───── Given records

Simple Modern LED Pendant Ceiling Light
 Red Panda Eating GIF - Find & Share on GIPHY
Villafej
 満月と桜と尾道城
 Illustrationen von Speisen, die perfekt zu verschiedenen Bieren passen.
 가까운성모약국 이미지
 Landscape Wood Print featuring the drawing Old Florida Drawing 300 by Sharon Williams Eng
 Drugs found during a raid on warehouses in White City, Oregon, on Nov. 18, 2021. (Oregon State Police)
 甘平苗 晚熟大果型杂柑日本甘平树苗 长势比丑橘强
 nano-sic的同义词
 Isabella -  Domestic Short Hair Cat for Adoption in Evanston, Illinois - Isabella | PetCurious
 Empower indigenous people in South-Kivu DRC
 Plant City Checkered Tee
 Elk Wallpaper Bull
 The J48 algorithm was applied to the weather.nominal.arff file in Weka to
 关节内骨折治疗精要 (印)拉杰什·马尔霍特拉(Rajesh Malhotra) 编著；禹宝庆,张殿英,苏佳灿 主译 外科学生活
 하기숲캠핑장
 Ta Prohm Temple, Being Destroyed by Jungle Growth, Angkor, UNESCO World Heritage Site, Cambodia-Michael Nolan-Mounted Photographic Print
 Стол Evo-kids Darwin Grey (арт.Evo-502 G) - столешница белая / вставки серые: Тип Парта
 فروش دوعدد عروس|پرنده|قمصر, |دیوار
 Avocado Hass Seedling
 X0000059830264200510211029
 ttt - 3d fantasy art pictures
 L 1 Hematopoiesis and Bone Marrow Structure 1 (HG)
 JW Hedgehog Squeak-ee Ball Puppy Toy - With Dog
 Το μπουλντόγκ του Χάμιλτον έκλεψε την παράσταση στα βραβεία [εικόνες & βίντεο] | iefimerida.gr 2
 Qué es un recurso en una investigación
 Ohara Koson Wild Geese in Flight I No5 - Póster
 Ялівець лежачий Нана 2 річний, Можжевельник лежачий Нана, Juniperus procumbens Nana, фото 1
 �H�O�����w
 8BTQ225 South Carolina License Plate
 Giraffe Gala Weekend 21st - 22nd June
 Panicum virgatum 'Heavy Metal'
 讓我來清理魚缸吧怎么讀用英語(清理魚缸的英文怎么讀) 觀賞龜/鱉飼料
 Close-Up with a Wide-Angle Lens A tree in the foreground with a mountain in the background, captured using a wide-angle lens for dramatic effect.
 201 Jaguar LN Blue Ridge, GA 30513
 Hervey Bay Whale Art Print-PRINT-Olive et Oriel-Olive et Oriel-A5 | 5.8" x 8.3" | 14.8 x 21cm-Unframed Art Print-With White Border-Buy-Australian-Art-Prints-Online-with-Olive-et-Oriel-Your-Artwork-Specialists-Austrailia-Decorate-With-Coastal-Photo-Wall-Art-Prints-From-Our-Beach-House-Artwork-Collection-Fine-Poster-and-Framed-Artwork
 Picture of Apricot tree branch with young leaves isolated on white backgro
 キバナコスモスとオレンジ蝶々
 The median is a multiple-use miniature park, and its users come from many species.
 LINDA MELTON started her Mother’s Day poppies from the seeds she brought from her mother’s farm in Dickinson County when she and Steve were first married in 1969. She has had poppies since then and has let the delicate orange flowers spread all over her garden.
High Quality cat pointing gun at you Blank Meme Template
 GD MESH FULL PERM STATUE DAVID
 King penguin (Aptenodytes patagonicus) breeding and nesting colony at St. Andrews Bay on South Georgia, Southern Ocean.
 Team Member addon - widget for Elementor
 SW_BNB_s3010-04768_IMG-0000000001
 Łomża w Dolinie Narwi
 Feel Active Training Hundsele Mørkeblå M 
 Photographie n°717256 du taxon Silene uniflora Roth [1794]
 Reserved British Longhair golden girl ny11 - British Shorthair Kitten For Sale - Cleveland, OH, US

──────────

* **Prompt**:
Retype exactly the lines above, from the one with "Drugs found during" through the one with "Qué es un recurso en una investigación", inclusive.

* **Result**:
 Drugs found during a raid on warehouses in White City, Oregon, on Nov. 18, 2021. (Oregon State Police)
 甘平苗 晚熟大果型杂柑日本甘平树苗 长势比丑橘强
 nano-sic的同义词
 Isabella -  Domestic Short Hair Cat for Adoption in Evanston, Illinois - Isabella | PetCurious
 Empower indigenous people in South-Kivu DRC
 Plant City Checkered Tee
 Elk Wallpaper Bull
 The J48 algorithm was applied to the weather.nominal.arff file in Weka to
 关节内骨折治疗精要 (印)拉杰什·马尔霍特拉(Rajesh Malhotra) 编著；禹宝庆,张殿英,苏佳灿 主译 外科学生活
 하기숲캠핑장
 Ta Prohm Temple, Being Destroyed by Jungle Growth, Angkor, UNESCO World Heritage Site, Cambodia-Michael Nolan-Mounted Photographic Print
 Стол Evo-kids Darwin Grey (арт.Evo-502 G) - столешница белая / вставки серые: Тип Парта
 فروش دوعدد عروس|پرنده|قمصر, |دیوار
 Avocado Hass Seedling
 X0000059830264200510211029
 ttt - 3d fantasy art pictures
 L 1 Hematopoiesis and Bone Marrow Structure 1 (HG)
 JW Hedgehog Squeak-ee Ball Puppy Toy - With Dog
 Το μπουλντόγκ του Χάμιλτον έκλεψε την παράσταση στα βραβεία [εικόνες & βίντεο] | iefimerida.gr 2
 Qué es un recurso en una investigación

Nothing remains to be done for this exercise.